Вырулили на старт, ждем сигнала взлетать; и вдруг на аэродроме началась тихая паника. Взлета не дают. Кто-то бежит сломя голову к нашим ИЛам, кто-то, наоборот, от них. Пилот соседней от меня машины открывает фонарь, спрашивает:

— В чем дело?

Снизу кричат:

— Ноги!

— Что ноги?

— Торчат. Из гондолы…

Летчик глянул вниз: действительно, из первой гондолы торчат ноги разместившегося там техника. Здоровенные такие ноги, в заляпанных глиной кирзовых сапогах сорок пятого, а то и сорок шестого размера.

— Ну и что? — хладнокровно вновь спрашивает пилот. — Я же не виноват, если рост у моего пассажира — два с чем-то метра. Ну не убираются у него ноги, что я могу сделать!

Надо сказать, что на аэродроме еще не знали о «модернизации» наших штурмовиков. Когда же недоразумение выяснилось, мы наконец получили разрешение на взлет.

Честно говоря, разгоняя по бетонной полосе машину, я чувствовал себя не слишком уверенно. Как-никак, а взлетать с живыми людьми в гондолах доводилось впервые. Но все обошлось как нельзя лучше. ИЛы один за другим оторвались от бетонки и легли на курс.

За все время перегона я так и не смог отделаться от мысли, что полет наш несколько смахивает на цирковой фокус; расскажи кому-нибудь — не поверят. Разве что посмеются, как смеются, выслушав занятный, с неожиданной развязкой анекдот. Но мне тогда было не до смеха. А тут еще начал перегреваться двигатель: вода в охлаждающей системе достигла критической температуры. Из-за добавочного лобового сопротивления, вызванного полетом с неубранными шасси, мотор работал с перегрузкой; приходилось то и дело менять режим полета. Но, в общем, все сошло благополучно. Пугнула, правда, напоследок плохая видимость: посадочная площадка оказалась затянутой пеленой тумана. Но, по счастью, к моменту посадки туман рассеялся, да и аэродром в Крапивне мы знали как свои пять пальцев. Поэтому посадка всей группы прошла гладко, без сучка, без задоринки.

Но только когда были выключены моторы и остановились винты, только тогда я понял, насколько велико было вызванное чувством ответственности внутреннее напряжение: лоб под шлемом мгновенно стал мокрым от пота — и сразу же как гора с плеч. Сел. Сел!!! А со всех концов аэродрома к нам уже спешили люди. Никто еще не знал, что мы пригнали из Калинина

не одни новые машины, что вместе с ними мы доставили заодно и весь обслуживающий персонал. Уже на другой день мы могли начинать работу на новых ИЛах.

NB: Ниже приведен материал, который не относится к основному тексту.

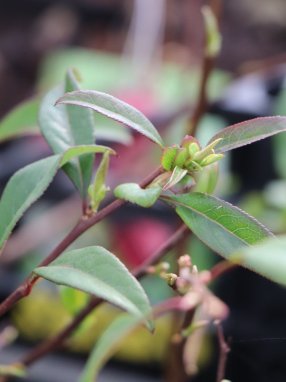 Chaenomeles speciosa 'Nivalis' Kdoulovec lahvicovitý 'Nivalis' Nelen pro zelen list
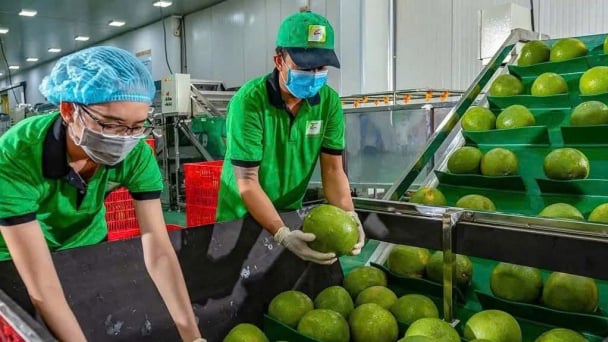 Ba 'tấm vé' mới cho nông sản Việt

На другой день… На другой день мы, между прочим, узнали, что способ переброски людей на одноместных боевых самолетах разработан в штабе главкома ВВС. Именно главкому, принимавшему участие в спасении челюскинцев, принадлежали рекомендации, которые поразили нас вначале своей дерзостью, а затем — ясностью мысли, умением взглянуть, когда надо, на вещи с самой неожиданной стороны. «Умнейший мужик! — сказал по этому поводу наш комполка Евгений Васильевич Клобуков и, что-то вспомнив, добавил: — Но попрошу всех учесть: главком распорядился применять этот метод только в исключительных случаях. Только в условиях чрезвычайной обстановки. Это приказ!»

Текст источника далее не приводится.